**How to complete this task**
Below are several records. Retype exactly those lines running from the one with "Leucophyes pedestris" through the one with "Icebergs in Antarctica Stock Photo", end lines included, and no others.

**Exercise data**
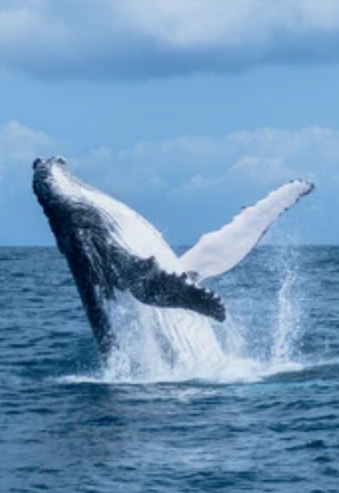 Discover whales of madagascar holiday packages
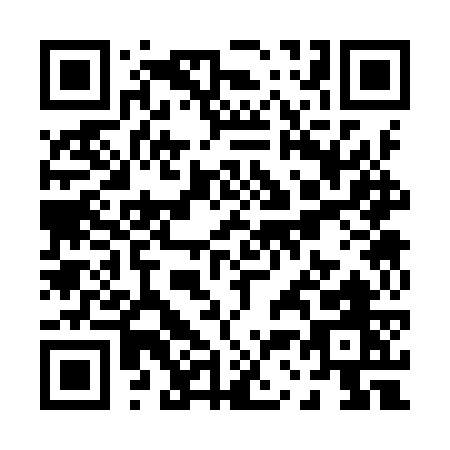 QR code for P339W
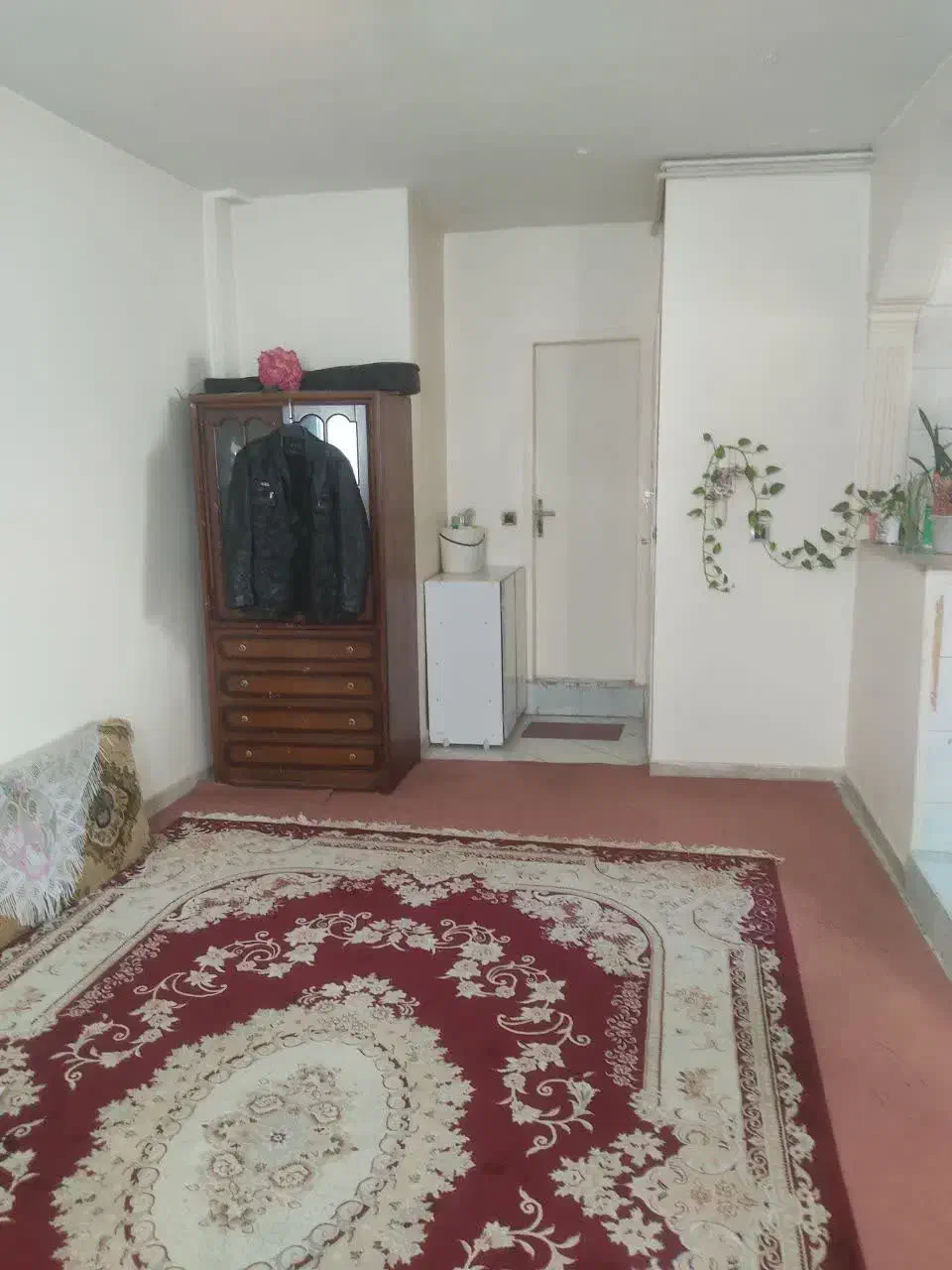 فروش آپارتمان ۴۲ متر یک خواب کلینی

---

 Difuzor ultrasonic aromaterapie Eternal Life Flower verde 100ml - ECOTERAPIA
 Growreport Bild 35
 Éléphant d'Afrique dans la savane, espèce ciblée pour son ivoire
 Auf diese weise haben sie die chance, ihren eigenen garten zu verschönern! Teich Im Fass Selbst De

...

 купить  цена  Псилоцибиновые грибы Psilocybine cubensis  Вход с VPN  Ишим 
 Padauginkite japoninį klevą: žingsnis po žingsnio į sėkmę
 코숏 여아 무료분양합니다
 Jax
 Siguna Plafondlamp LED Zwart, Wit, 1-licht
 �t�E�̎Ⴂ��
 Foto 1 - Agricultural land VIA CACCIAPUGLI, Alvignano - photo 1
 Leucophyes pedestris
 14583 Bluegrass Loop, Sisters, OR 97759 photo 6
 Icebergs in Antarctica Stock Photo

**Your solution**
 Leucophyes pedestris
 14583 Bluegrass Loop, Sisters, OR 97759 photo 6
 Icebergs in Antarctica Stock Photo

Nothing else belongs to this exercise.